Традиционный мотив буржуазной пошлости почти целиком сводится к разговорам русских эмигрантов. Это новая установка травелога: дискредитация перебравшейся в Париж эмиграции становится одной из важных задач советских путешественников. К абсурдным слухам о Маяковском, звучащим в монпарнасских кафе, добавлена эмигрантская «скульня» непрогрессивного Тургенева, предваряющая разговор с прогрессивными Верленом и Сезанном. Старая тема «парижской провинции» из очерков 1922 года преображается:
Париж,
тебе ль,
столице столетий,
к лицу
эмигрантская нудь?
Смахни
за ушми
эмигрантские сплетни.
Провинция! —
не продохнуть.
(М 6, 226)
«Провинцией» стали парижские эмигранты; они олицетворение «старья» — функция, которую еще недавно (в стихотворениях и очерках 1923 года) выполнял Лувр. Это новая локализация парижской провинциальности. Центр Европы по-прежнему — Москва; Париж, город революции и коммуны, теперь — «столица столетий», историческая столица Европы (как когда-то в России «первопрестольная» Москва при действующей столице Петербурге). «Невозможная краса» вечного города оправдана исторически и устремлена в социалистическое будущее. Но в то же время это новое, украшенное анафорической рифмой определение до тавтологии напоминает определение старое — «столица столиц». За два года до этого в очерке Маяковского «Парижские провинции» (1923) механизм европейской сцены опустил Париж до уровня обычных европейских городов, подняв на востоке Москву — новую «столицу столиц», столицу Федерации, Союза. Следующий акт борьбы за мировую революцию потребовал перемены декораций, и механизм заработал снова. На другом конце Европы вновь поднимается Париж, уравновешивая расшатавшуюся было европейскую ось. Два символических центра Европы находятся в постоянном диалоге — как город будущего и город прошлого (движущийся в будущее).

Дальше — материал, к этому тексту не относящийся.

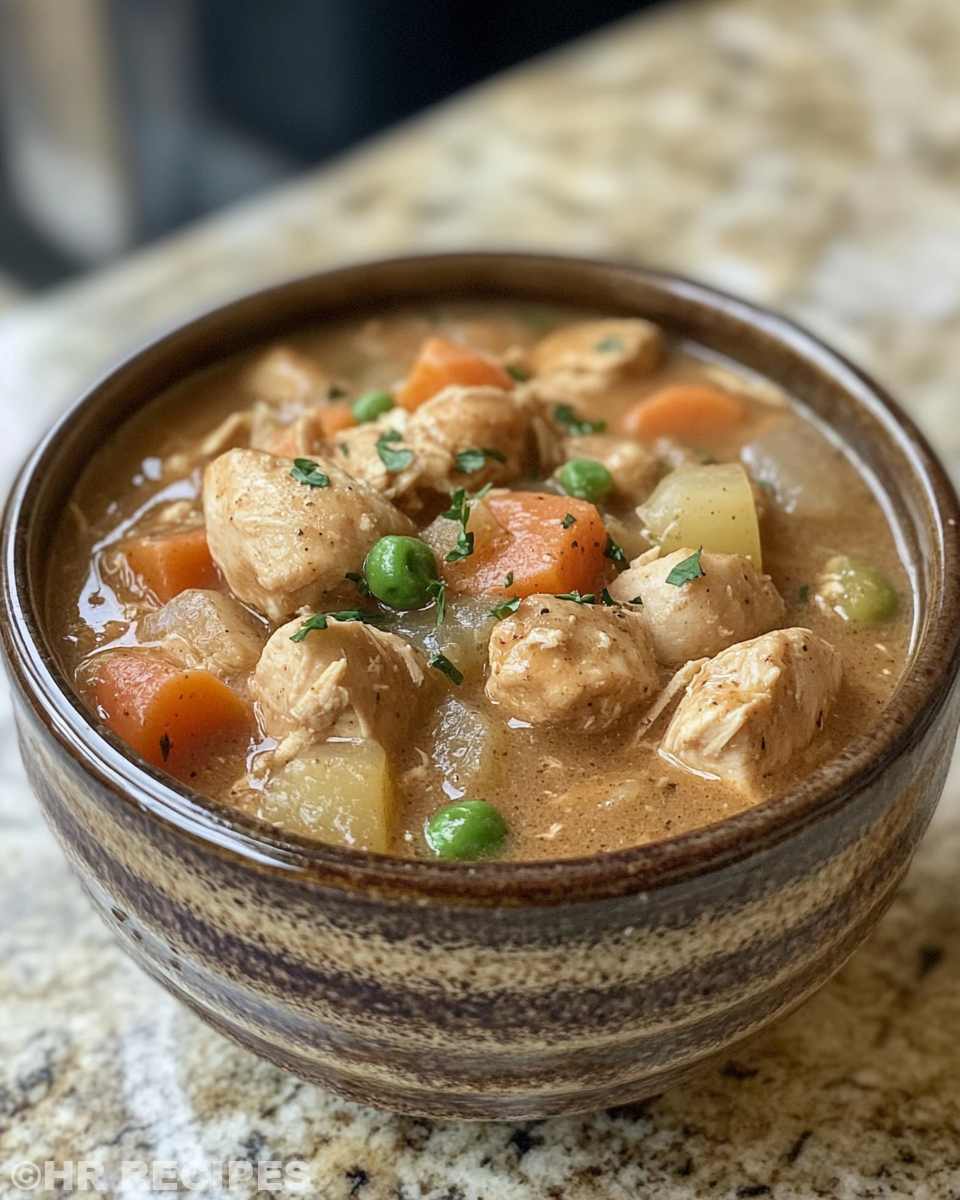 Ready to serve slow cooker chicken stew in bowl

Впрочем, новая коммуникация, предложенная Маяковским, вовсе не диалогична. Она становится все большим углублением в себя. Уходя от прямых призывов к восстанию, как это было в «Разговорчиках с Эйфелевой башней», текст путешествия отказывается и от прямых обращений к западному адресату. Их место занимают осторожные, дипломатические метонимические уподобления: Париж с красным флагом, поднятым на рю Гренель, — это Париж под красным флагом (в стихотворении «Жорес»). Теперь не Эйфелева башня отправляется в СССР, а Москва приходит в Париж. Не напрямую, как крейсер «Аврора» раньше входил в территориальные воды Германии в стихотворении «Нордерней», а метонимически — красным флагом, рабочей солидарностью, присутствием в Париже советского поэта Маяковского, олицетворяющего миллионы советских рабочих.